> _BRIEF_
All that is needed is each line of the entries holding the word "Guide", copied as it stands.

***** SUPPLIED MATERIAL

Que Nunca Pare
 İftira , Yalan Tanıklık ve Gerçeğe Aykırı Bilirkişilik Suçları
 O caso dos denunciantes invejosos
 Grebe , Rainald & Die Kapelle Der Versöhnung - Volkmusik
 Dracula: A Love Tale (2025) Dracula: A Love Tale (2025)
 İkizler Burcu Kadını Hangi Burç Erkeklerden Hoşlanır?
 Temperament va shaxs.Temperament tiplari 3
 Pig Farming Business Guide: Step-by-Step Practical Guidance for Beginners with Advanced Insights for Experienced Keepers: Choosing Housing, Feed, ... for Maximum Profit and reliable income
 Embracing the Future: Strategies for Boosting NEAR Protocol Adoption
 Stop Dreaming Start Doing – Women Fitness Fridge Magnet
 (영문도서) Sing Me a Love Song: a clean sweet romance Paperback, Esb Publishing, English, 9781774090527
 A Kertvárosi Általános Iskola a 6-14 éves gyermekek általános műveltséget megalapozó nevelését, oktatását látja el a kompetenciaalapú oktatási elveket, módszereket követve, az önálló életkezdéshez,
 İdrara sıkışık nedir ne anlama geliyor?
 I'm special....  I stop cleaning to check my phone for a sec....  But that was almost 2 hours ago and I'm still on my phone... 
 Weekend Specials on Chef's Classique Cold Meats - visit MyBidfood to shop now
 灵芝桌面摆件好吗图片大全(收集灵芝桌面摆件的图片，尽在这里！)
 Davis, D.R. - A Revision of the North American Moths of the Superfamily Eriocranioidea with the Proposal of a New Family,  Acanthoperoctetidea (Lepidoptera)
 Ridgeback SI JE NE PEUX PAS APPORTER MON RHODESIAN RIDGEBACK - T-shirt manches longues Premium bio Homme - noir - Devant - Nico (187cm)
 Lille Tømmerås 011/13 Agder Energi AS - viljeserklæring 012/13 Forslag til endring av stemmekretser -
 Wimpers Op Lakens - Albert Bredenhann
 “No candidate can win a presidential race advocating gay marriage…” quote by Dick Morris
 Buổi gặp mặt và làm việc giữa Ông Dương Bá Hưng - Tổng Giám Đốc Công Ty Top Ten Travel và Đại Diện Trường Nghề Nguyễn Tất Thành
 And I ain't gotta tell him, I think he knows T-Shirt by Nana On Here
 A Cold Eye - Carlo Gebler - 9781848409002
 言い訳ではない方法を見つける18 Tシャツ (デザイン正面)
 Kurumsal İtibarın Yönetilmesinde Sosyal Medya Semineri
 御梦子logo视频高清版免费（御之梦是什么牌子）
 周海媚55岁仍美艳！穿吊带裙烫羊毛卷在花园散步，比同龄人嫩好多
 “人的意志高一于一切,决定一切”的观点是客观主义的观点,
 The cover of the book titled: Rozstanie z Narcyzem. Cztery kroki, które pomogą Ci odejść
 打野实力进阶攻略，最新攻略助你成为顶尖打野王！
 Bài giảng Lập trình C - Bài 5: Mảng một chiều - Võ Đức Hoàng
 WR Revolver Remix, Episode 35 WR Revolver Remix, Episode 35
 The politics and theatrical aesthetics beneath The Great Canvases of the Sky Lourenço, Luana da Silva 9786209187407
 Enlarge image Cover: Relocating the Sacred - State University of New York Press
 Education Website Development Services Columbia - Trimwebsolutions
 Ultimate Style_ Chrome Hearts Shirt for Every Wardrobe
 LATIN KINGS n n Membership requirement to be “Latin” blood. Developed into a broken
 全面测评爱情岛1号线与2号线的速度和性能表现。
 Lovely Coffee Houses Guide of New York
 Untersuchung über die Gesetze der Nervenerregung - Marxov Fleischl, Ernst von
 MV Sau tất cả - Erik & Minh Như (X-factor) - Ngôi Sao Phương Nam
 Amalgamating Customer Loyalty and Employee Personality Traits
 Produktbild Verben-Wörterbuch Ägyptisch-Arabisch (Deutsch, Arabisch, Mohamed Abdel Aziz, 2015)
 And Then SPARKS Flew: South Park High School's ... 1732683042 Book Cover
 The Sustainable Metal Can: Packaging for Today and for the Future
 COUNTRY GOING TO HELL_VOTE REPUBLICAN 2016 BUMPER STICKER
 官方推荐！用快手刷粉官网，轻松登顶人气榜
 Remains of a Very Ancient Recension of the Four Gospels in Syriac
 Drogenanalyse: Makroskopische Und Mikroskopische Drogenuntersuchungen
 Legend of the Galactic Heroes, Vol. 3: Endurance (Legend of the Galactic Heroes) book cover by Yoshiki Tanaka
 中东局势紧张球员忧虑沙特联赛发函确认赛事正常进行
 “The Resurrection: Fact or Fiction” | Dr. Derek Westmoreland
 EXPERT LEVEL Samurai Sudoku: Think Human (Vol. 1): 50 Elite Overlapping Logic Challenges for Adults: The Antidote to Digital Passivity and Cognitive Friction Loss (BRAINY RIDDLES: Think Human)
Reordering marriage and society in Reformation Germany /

**********

> _EXPECTED ANSWER_
 Pig Farming Business Guide: Step-by-Step Practical Guidance for Beginners with Advanced Insights for Experienced Keepers: Choosing Housing, Feed, ... for Maximum Profit and reliable income
 Lovely Coffee Houses Guide of New York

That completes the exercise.